Davalı, yanıt vermemiştir.

Mahkemece, davalının üçüncü kişi konumunda olduğu, T.M.K."nun 1023 ve 1025/2.maddelerinden yararlanacağı gerekçeleriyle davanın reddine karar verilmiştir.

Karar, davacı vekili tarafından süresinde temyiz edilmiş olmakla; Tetkik Hakimi Sadettin Akyol"un raporu okundu, düşüncesi alındı. Dosya incelendi, gereği görüşülüp, düşünüldü.

KARAR

Dava, yolsuz tescil nedeniyle sicil kaydının düzeltilmesi isteğine ilişkindir.

Mahkemece, son kayıt maliki davalının iyiniyetli üçüncü kişi konumunda olduğu gerekçesiyle davanın reddine karar verilmiştir.

Dosya içeriği ve toplanan delillerden; davacı Hazine, Mahkeme"nin 26.6.1997 tarih 1996/318 Es. 1997/359 Kr. sayılı ilamının hatalı olarak sicile yansıtıldığını ve dava dışı şirket adına fazla pay yazıldığını, anılan şirketinde payını davalıya satış suretiyle temlik ettiğini ileri sürerek, Türk Medeni Kanununun 1025 ve 1007. maddesine dayanarak eldeki davayı açmıştır.

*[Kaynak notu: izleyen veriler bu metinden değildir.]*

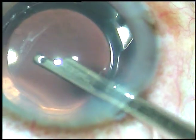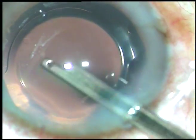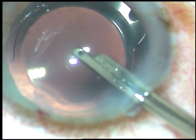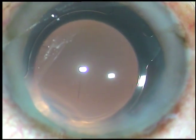The anterior chamber is now formed nicely and the case is concluded. Thank you very much for your attention. Hope this video will help you in developing your surgical skills. You can learn bimanual IA and the stop and chop technique of phacoemulsification. Thank you very much.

Her nekadar, tapu iptal ve tescil isteme hakkı kayıt maliki veya onun mirasçılarına ait ise de; Hazinenin Türk Medeni Kanununun 1007. maddesinden kaynaklanan tapu sicilinin tutulmasından doğan kusursuz sorumluluk ilkesine göre bütün zararlardan sorumlu olup, eldeki davayı açmakta hukuki yararının da bulunduğu kuşkusuzdur.

Böyle bir durumda; asıl kayıt maliklerinin tapu sicil tüzüğünün 85. maddesi uyarınca işlem yapılmasını sağlamaları mümkün olduğu gibi doğrudan dava açmak suretiyle tapu kaydının düzeltilmesini istemelerine yasal bir engel yoktur.

O halde, Mahkemenin yukarıda anılan ilamı ile lehine tescil kararı verilen A... Ş....ye ölmüşse mirasçılarına davanın ihbar edilmesi, dava açmaları halinde eldeki dava ile birleştirilmesi ve yürütülmesi zorunludur. Bu usul kuralı gözardı edilerek hüküm kurulması isabetli değildir.

Kabule göre de; mahkemece son kayıt maliki iyiniyetli kabul edilmiş ise de bu yönde hükme yeterli bir inceleme ve araştırma yapıldığı da söylenemez.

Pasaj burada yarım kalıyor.